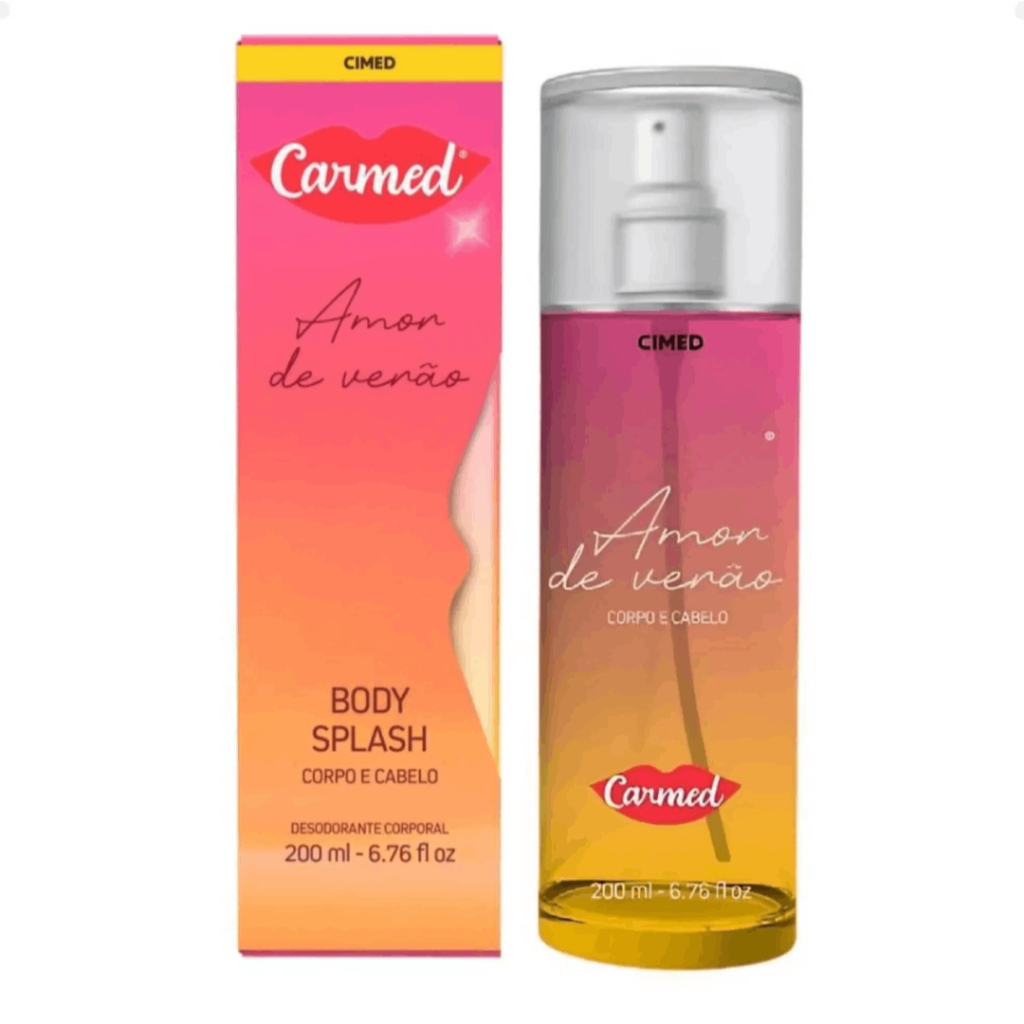 Body Splash Carmed Amor de Verão 200ml - Perfumaria Refrescante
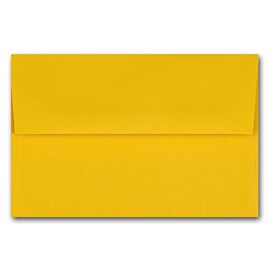 PT Vibrant Colorful A7 Envelopes - 50 Pack Perfect for 5x7 Cards Square Flap (Lemon Drop)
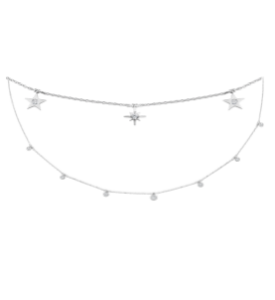 chokers seven star diamond necklace image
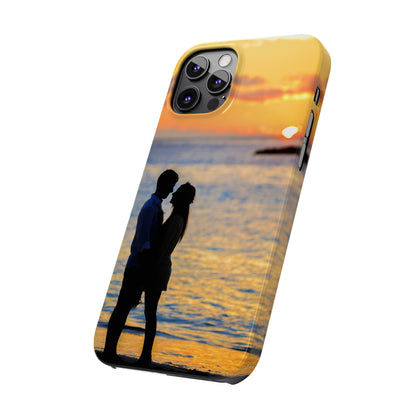 Beach Love Slim Phone Case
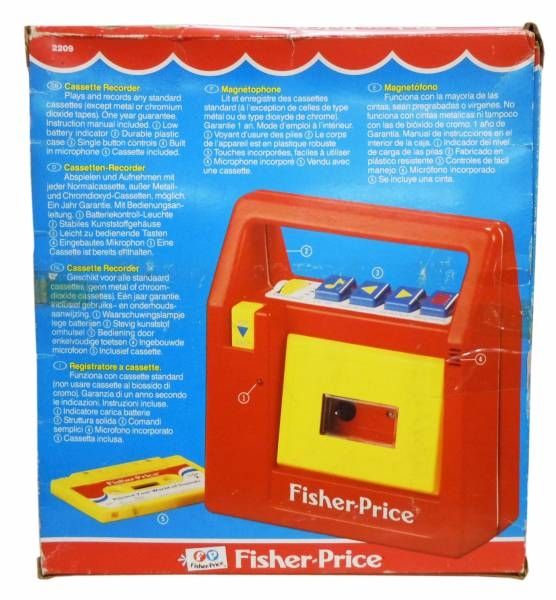 Ancien Lecteur cassette portable Fisher Price Vintage 1980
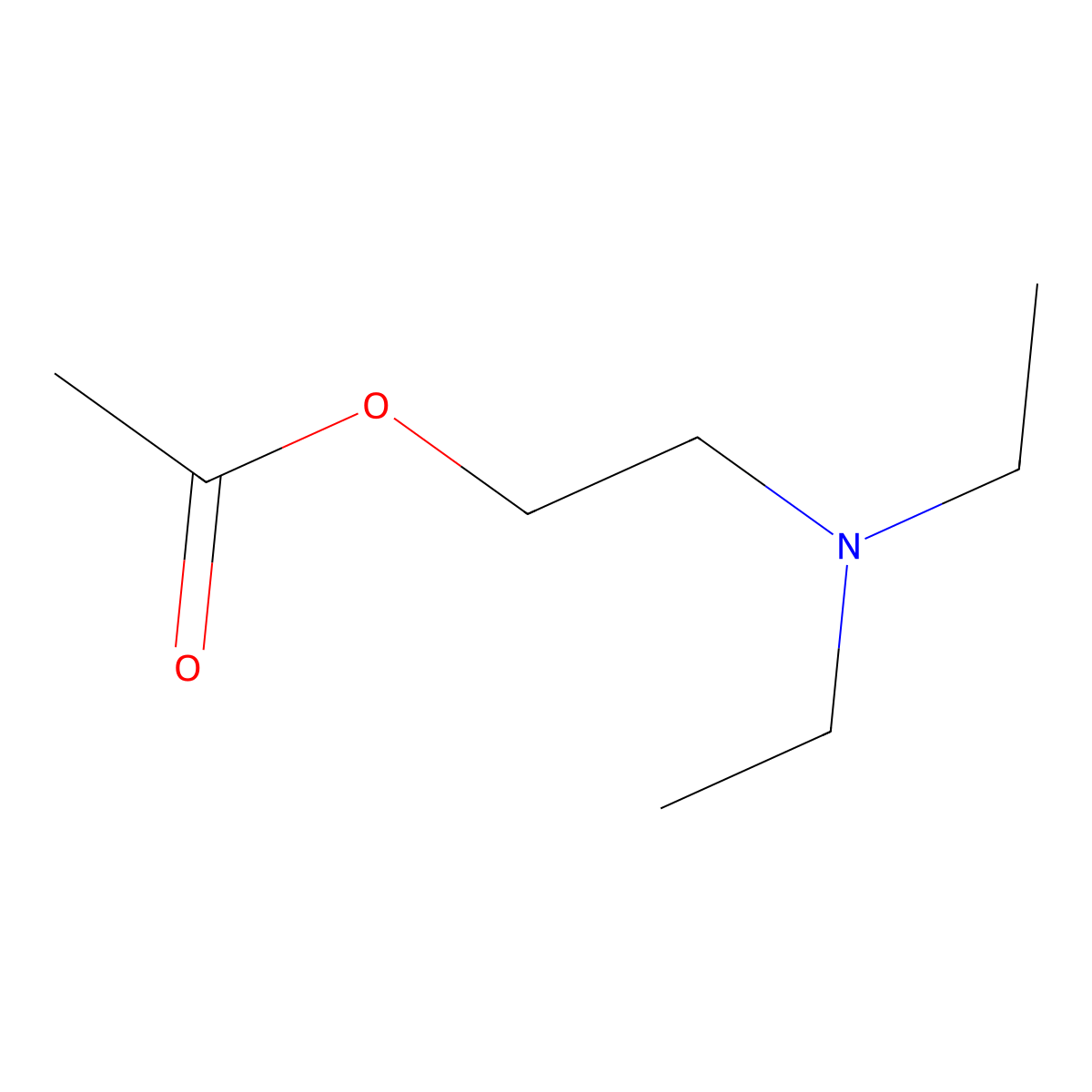 2-(Diethylamino)ethyl acetate molecular structure, CAS 10369-82-1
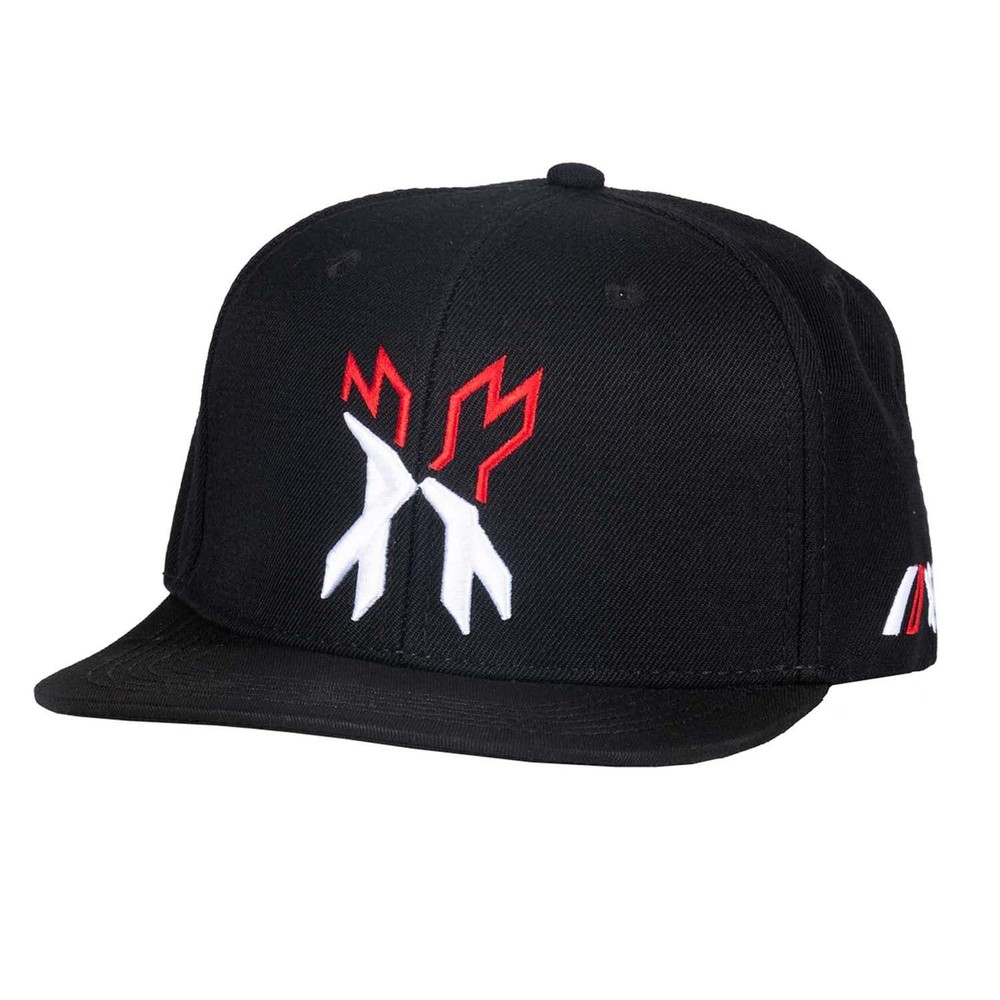 HK Army Snapback Hat - Split - Black / White / Red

Task goal -
Please reproduce, word for word, only the lines from the line that holds "Beach Love Slim Phone Case" through the final line of the entries above, omitting any pictures.

Solution for this exercise -
 Beach Love Slim Phone Case
 Ancien Lecteur cassette portable Fisher Price Vintage 1980
 2-(Diethylamino)ethyl acetate molecular structure, CAS 10369-82-1
 HK Army Snapback Hat - Split - Black / White / Red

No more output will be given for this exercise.